→ Extracted records:
----------

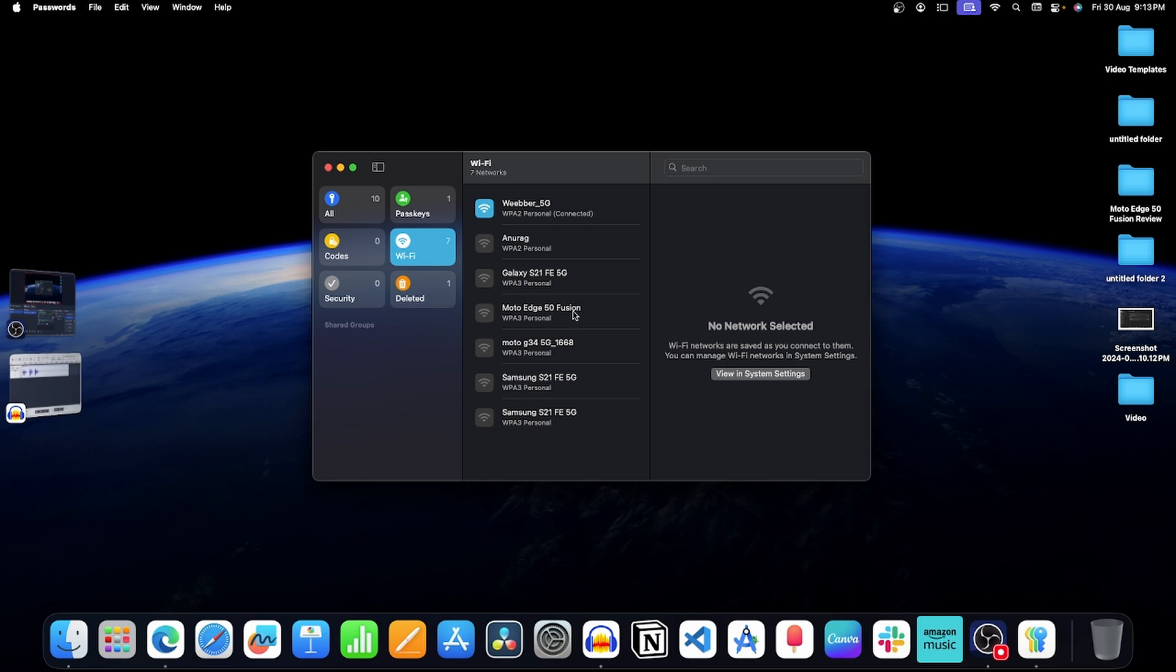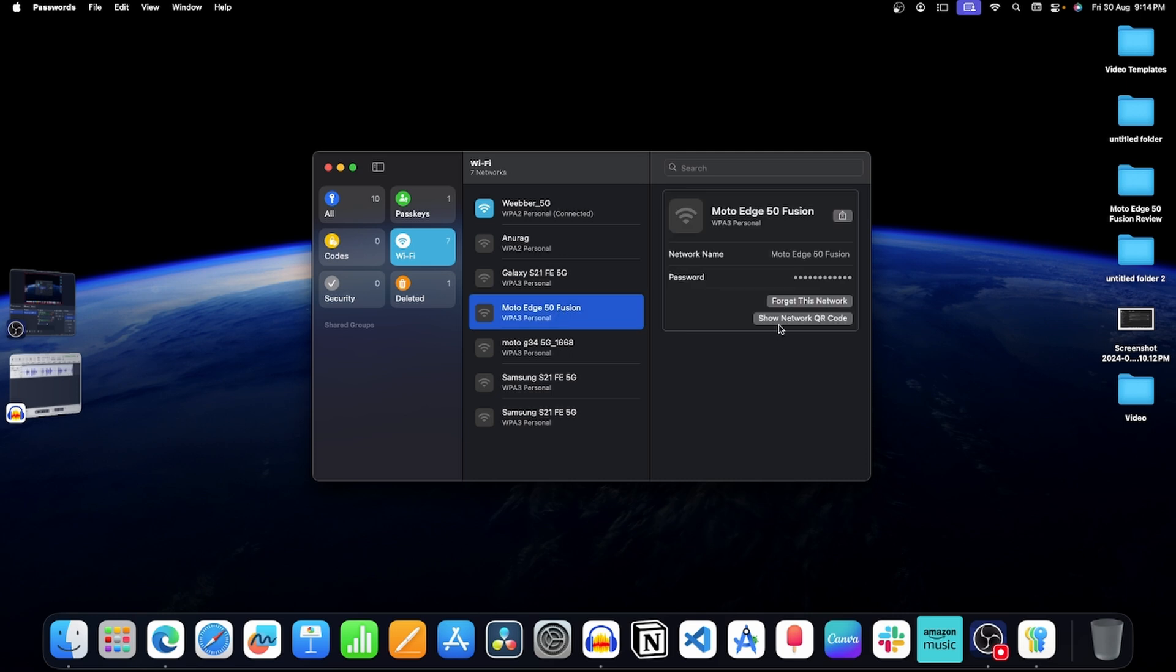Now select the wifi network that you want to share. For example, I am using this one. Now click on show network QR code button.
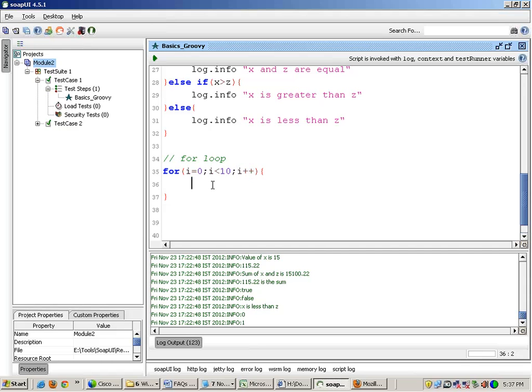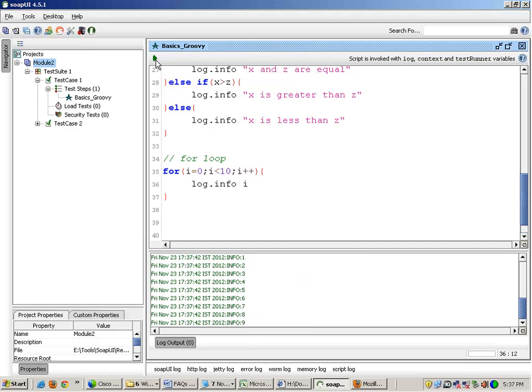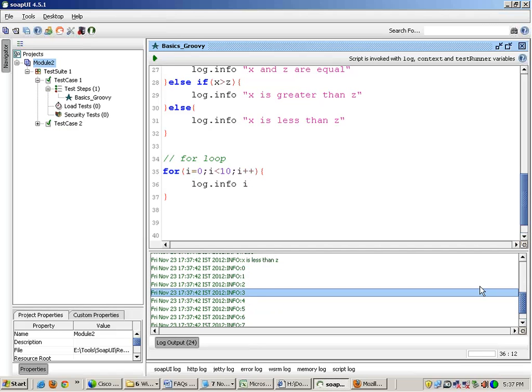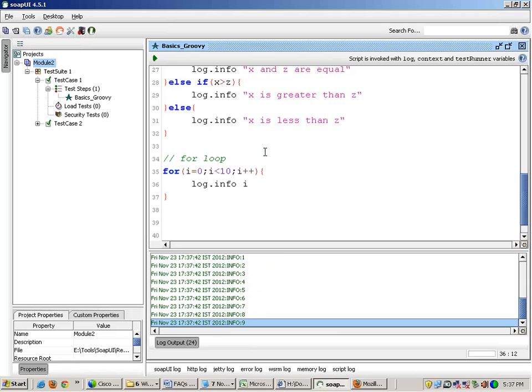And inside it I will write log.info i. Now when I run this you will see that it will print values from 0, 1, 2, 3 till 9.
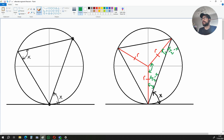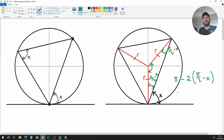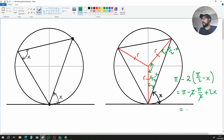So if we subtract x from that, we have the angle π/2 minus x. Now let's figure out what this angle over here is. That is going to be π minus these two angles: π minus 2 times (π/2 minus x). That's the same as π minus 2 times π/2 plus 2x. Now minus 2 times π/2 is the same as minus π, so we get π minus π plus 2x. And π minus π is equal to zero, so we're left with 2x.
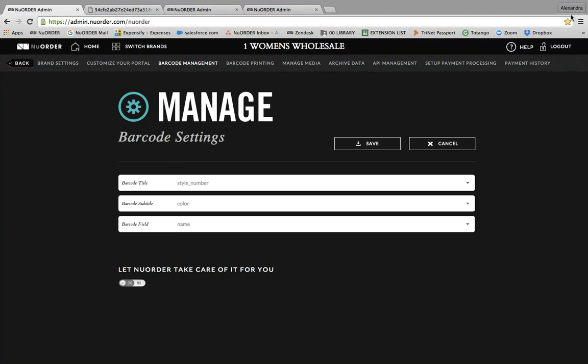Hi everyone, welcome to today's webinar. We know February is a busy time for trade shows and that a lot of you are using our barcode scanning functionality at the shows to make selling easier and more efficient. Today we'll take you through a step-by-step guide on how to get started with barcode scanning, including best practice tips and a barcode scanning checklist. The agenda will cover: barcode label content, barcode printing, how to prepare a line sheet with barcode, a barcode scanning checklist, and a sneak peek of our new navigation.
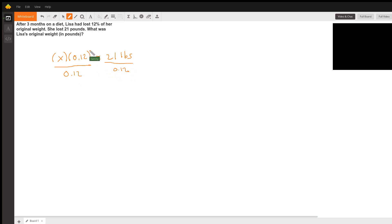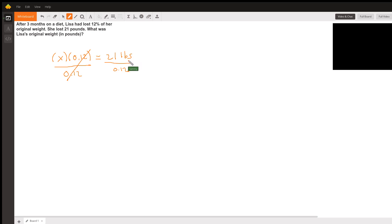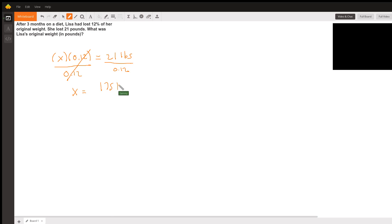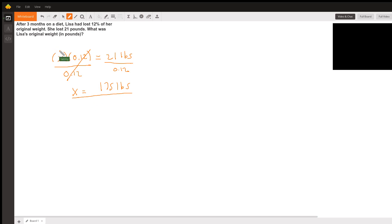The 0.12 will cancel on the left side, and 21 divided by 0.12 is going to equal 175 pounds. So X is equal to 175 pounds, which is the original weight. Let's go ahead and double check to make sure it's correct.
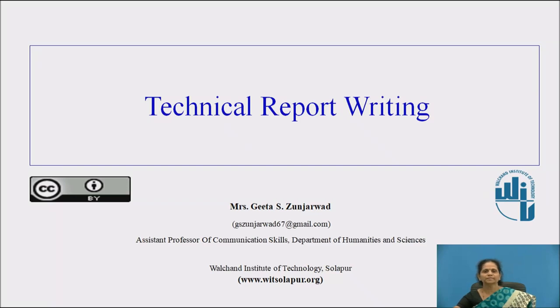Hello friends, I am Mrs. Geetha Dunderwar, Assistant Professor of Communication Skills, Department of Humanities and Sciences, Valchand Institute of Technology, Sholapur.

----------

→ What needs to be done: Starting at the line that contains "And inside it", restate each line verbatim through the final line of the listing, skipping all pictures.

→ Exercise solution:
And inside it I will write log.info i. Now when I run this you will see that it will print values from 0, 1, 2, 3 till 9.
So if we subtract x from that, we have the angle π/2 minus x. Now let's figure out what this angle over here is. That is going to be π minus these two angles: π minus 2 times (π/2 minus x). That's the same as π minus 2 times π/2 plus 2x. Now minus 2 times π/2 is the same as minus π, so we get π minus π plus 2x. And π minus π is equal to zero, so we're left with 2x.
Hi everyone, welcome to today's webinar. We know February is a busy time for trade shows and that a lot of you are using our barcode scanning functionality at the shows to make selling easier and more efficient. Today we'll take you through a step-by-step guide on how to get started with barcode scanning, including best practice tips and a barcode scanning checklist. The agenda will cover: barcode label content, barcode printing, how to prepare a line sheet with barcode, a barcode scanning checklist, and a sneak peek of our new navigation.
The 0.12 will cancel on the left side, and 21 divided by 0.12 is going to equal 175 pounds. So X is equal to 175 pounds, which is the original weight. Let's go ahead and double check to make sure it's correct.
Hello friends, I am Mrs. Geetha Dunderwar, Assistant Professor of Communication Skills, Department of Humanities and Sciences, Valchand Institute of Technology, Sholapur.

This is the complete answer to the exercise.